Here's how to cut broccoli so that its disparate parts—more delicate florets and tough stalk—cook evenly.

1. Remove Florets:  Hold broccoli upside down on cutting board. Using tip of chef's knife, remove florets from stalk, cutting where floret stem meets larger stalk.

TIP:  Cutting florets close to where they meet the stalk will minimize waste, but you may need to trim the tough bottom (about ½ inch) of larger, outer florets.

2. Cut Florets:  Lay florets on cutting board. Hold chef's knife with pinch grip and 1 floret with other hand. Start with tip of knife at top of floret and cut down through floret and attached stem to divide each into even pieces. Repeat with remaining florets.

3. Square Stalk:  Place stalk on cutting board. Trim off top and bottom. Hold chef's knife with pinch grip and stalk with claw grip.

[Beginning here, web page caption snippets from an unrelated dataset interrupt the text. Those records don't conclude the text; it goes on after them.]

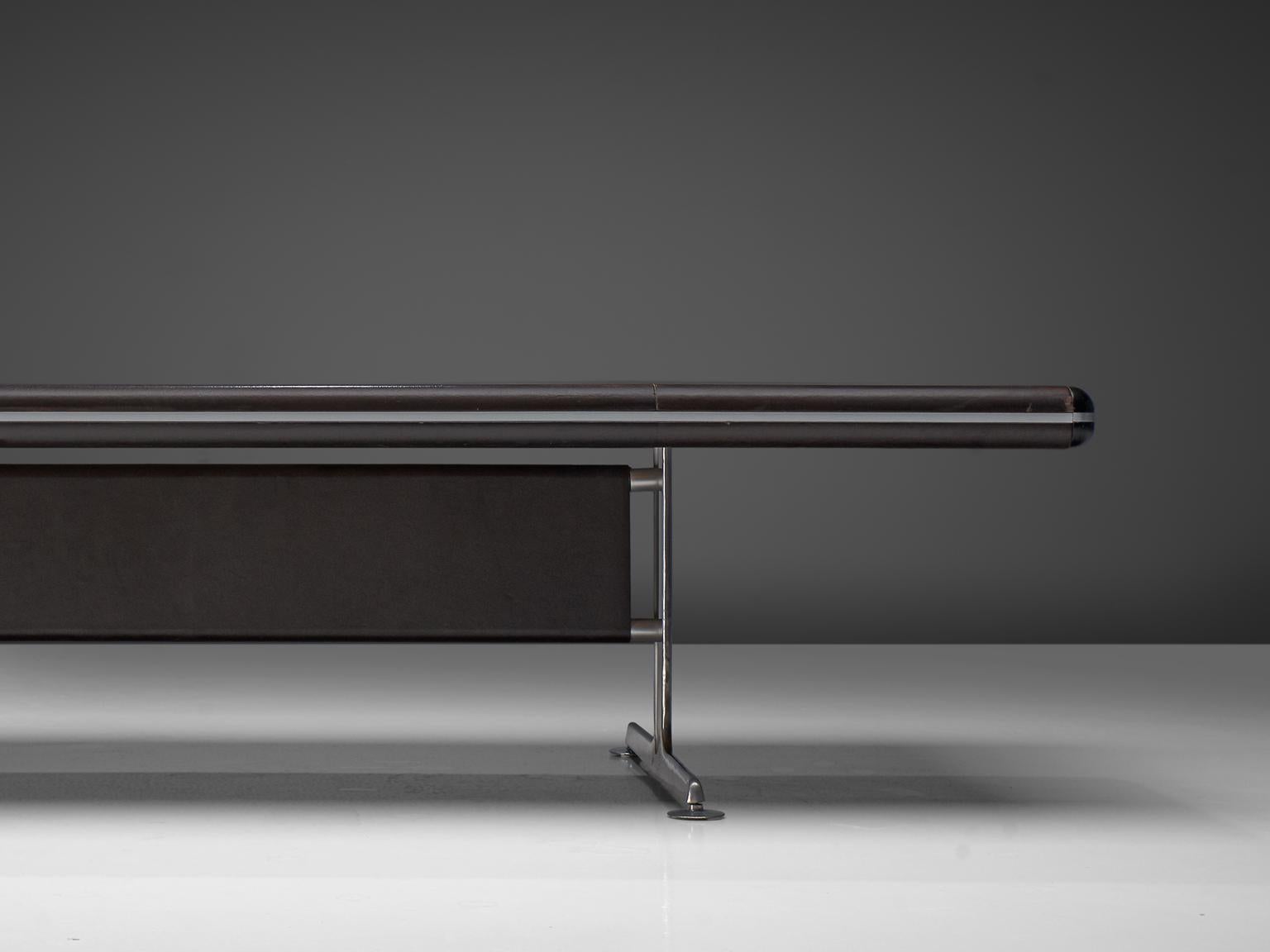 Late 20th Century Alex Linder Black Leather Conference Table, 1970s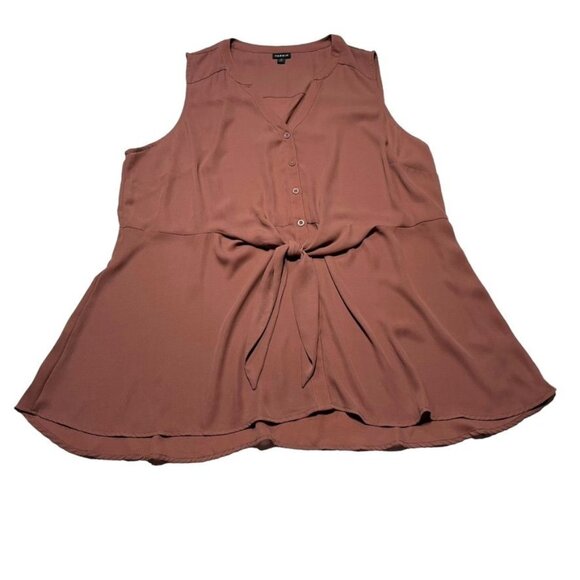 Torrid Dusty Pink Front Tie Blouse Size 2x - Picture 6 of 6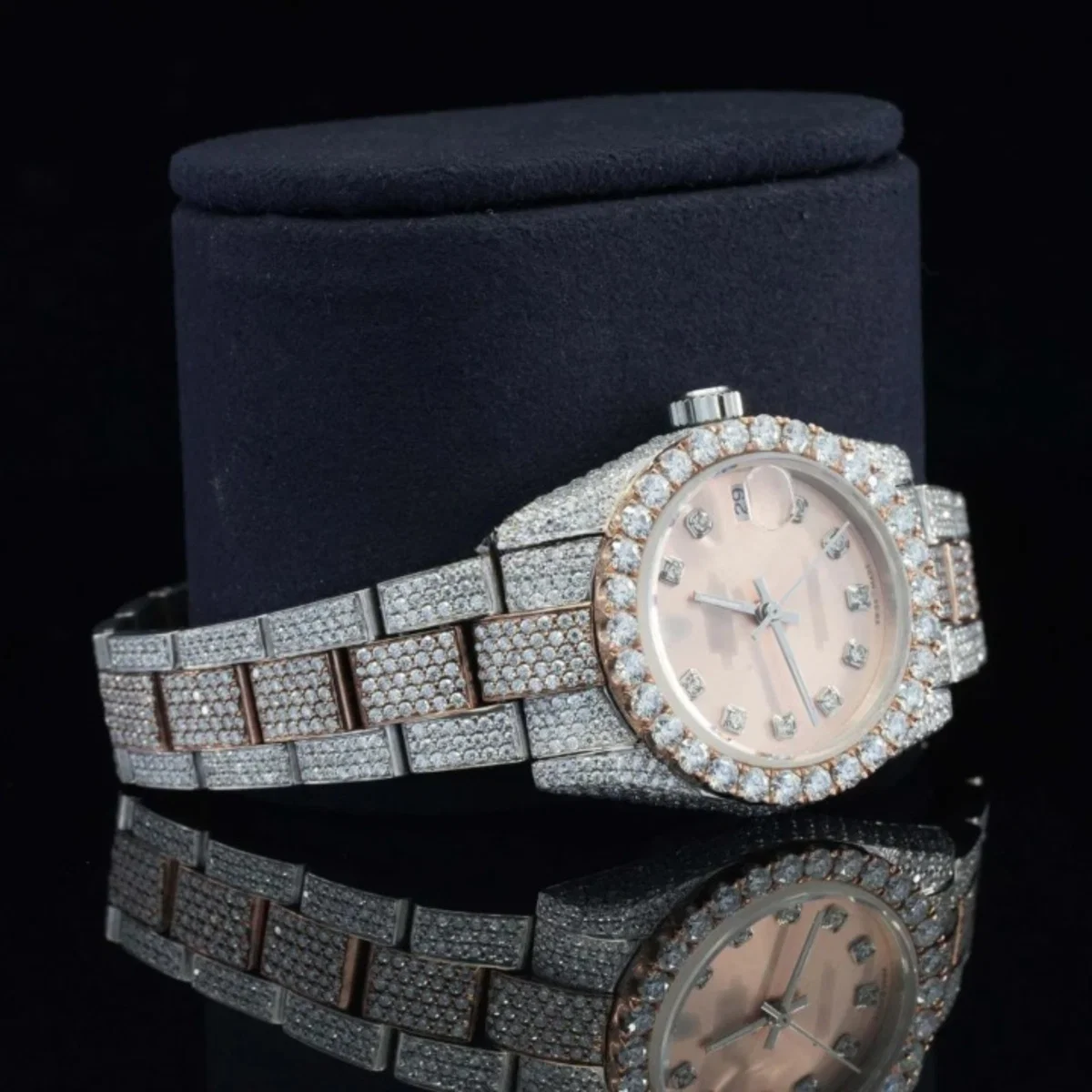 Luxurious Beige Dial Moissanite Iced Out Automatic Watch (view 4 of 7)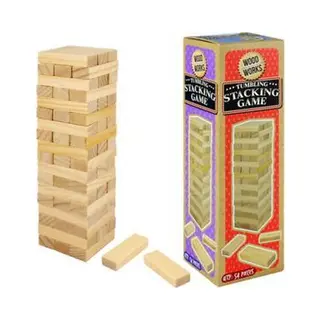 Henbrandt Houten Stapeltoren - Torenspel - Stacking Game - 54-delig - Mini - Reiseditie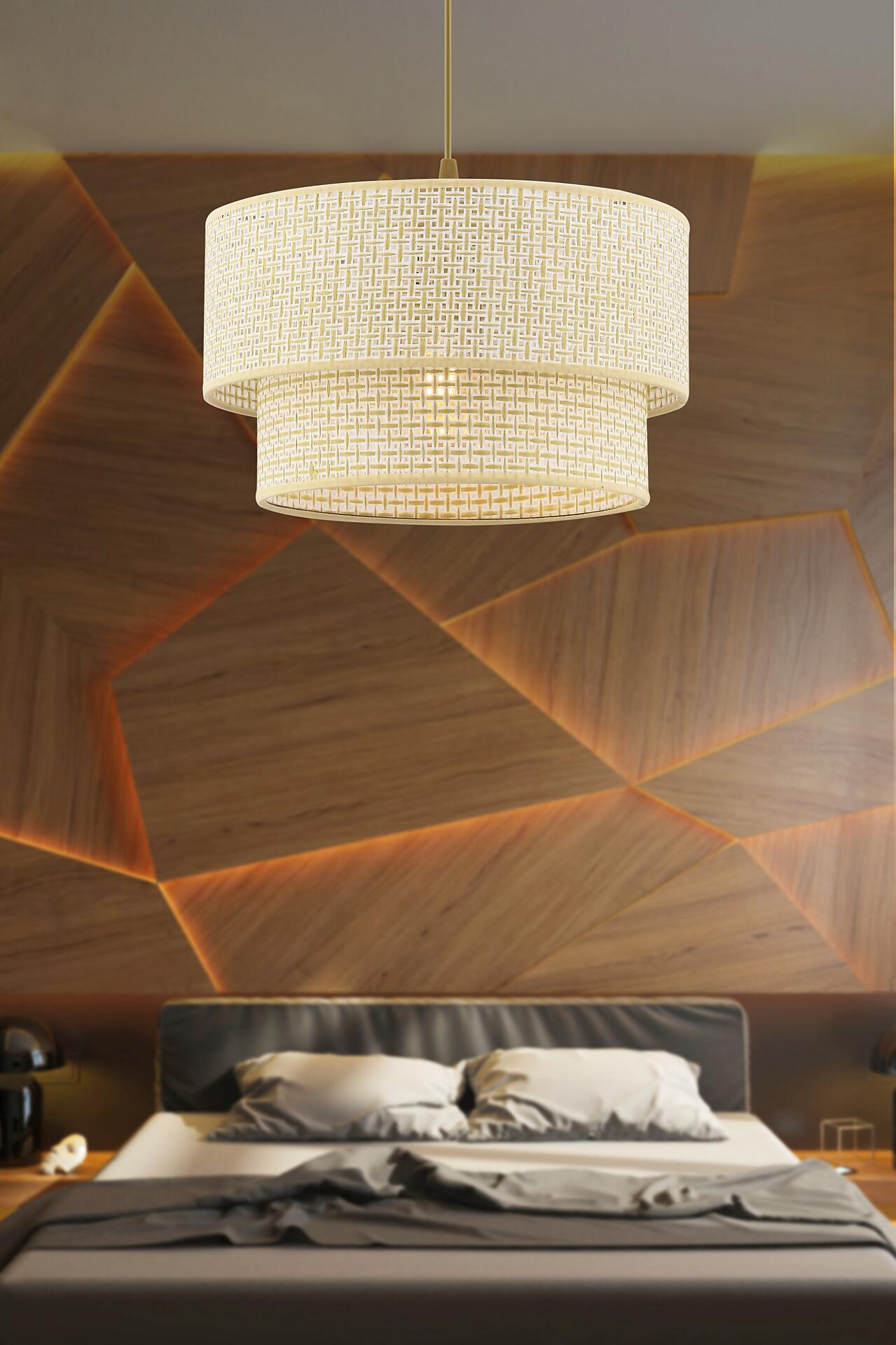 Opviq Pendelleuchte Echo creme Baumwolle B/H/T/L/D: ca. 30x65x30x30x30 cm E27 1 Brennstellen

Starting with tip of knife at top of stalk, trim off woody outer layer. Repeatedly rotate stalk 90 degrees to trim other 3 sides.

4. Peel and Cut Stalk:  Use vegetable peeler to remove any tough outer part of stalk missed by chef's knife. Return stalk to cutting board. Hold chef's knife with pinch grip and stalk with claw grip, and slice stalk into oblong coins or planks, as directed in recipe.